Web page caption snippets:
· · · ·
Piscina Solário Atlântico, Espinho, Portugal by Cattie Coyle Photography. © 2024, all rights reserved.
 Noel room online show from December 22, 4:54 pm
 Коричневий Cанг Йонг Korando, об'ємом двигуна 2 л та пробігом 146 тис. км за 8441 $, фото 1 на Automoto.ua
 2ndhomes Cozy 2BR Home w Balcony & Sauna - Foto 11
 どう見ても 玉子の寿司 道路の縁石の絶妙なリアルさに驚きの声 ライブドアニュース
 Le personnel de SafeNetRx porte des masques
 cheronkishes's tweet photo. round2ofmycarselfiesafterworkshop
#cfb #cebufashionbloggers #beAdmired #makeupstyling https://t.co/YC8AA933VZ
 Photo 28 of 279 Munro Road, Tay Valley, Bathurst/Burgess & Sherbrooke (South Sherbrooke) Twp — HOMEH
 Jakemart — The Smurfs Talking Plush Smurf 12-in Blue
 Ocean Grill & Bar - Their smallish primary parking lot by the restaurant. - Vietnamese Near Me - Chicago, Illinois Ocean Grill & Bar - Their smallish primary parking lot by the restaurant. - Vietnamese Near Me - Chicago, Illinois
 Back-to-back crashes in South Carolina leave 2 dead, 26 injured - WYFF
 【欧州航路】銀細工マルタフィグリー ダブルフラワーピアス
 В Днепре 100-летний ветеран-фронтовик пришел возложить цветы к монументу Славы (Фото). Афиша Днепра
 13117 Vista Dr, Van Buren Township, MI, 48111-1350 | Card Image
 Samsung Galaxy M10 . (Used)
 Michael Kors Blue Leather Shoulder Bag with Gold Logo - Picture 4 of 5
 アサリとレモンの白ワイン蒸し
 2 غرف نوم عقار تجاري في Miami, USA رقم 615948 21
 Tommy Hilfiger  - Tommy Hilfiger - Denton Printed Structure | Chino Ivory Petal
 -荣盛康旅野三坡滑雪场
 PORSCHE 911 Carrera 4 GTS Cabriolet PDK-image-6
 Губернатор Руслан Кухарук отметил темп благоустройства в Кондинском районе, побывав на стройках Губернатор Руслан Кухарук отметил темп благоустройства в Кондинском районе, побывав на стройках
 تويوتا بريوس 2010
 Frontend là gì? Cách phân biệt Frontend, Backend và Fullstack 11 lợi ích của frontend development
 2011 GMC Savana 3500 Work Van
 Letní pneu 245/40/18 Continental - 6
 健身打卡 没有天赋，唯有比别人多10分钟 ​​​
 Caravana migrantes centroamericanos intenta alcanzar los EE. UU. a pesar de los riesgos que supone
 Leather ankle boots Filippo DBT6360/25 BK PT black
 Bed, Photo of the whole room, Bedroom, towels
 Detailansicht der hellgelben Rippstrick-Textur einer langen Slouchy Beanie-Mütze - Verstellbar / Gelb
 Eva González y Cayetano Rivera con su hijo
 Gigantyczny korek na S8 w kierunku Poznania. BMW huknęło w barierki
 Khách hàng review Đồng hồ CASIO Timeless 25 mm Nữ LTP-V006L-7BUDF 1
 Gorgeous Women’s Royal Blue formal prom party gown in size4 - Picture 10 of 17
· · · ·
◆ TASK GOAL: Reproduce, word for word and in full, only the lines above that start at the line with "-荣盛康旅野三坡滑雪场" and run through the line with "Bed, Photo of", both ends included.

◆ WORKED SOLUTION:
 -荣盛康旅野三坡滑雪场
 PORSCHE 911 Carrera 4 GTS Cabriolet PDK-image-6
 Губернатор Руслан Кухарук отметил темп благоустройства в Кондинском районе, побывав на стройках Губернатор Руслан Кухарук отметил темп благоустройства в Кондинском районе, побывав на стройках
 تويوتا بريوس 2010
 Frontend là gì? Cách phân biệt Frontend, Backend và Fullstack 11 lợi ích của frontend development
 2011 GMC Savana 3500 Work Van
 Letní pneu 245/40/18 Continental - 6
 健身打卡 没有天赋，唯有比别人多10分钟 ​​​
 Caravana migrantes centroamericanos intenta alcanzar los EE. UU. a pesar de los riesgos que supone
 Leather ankle boots Filippo DBT6360/25 BK PT black
 Bed, Photo of the whole room, Bedroom, towels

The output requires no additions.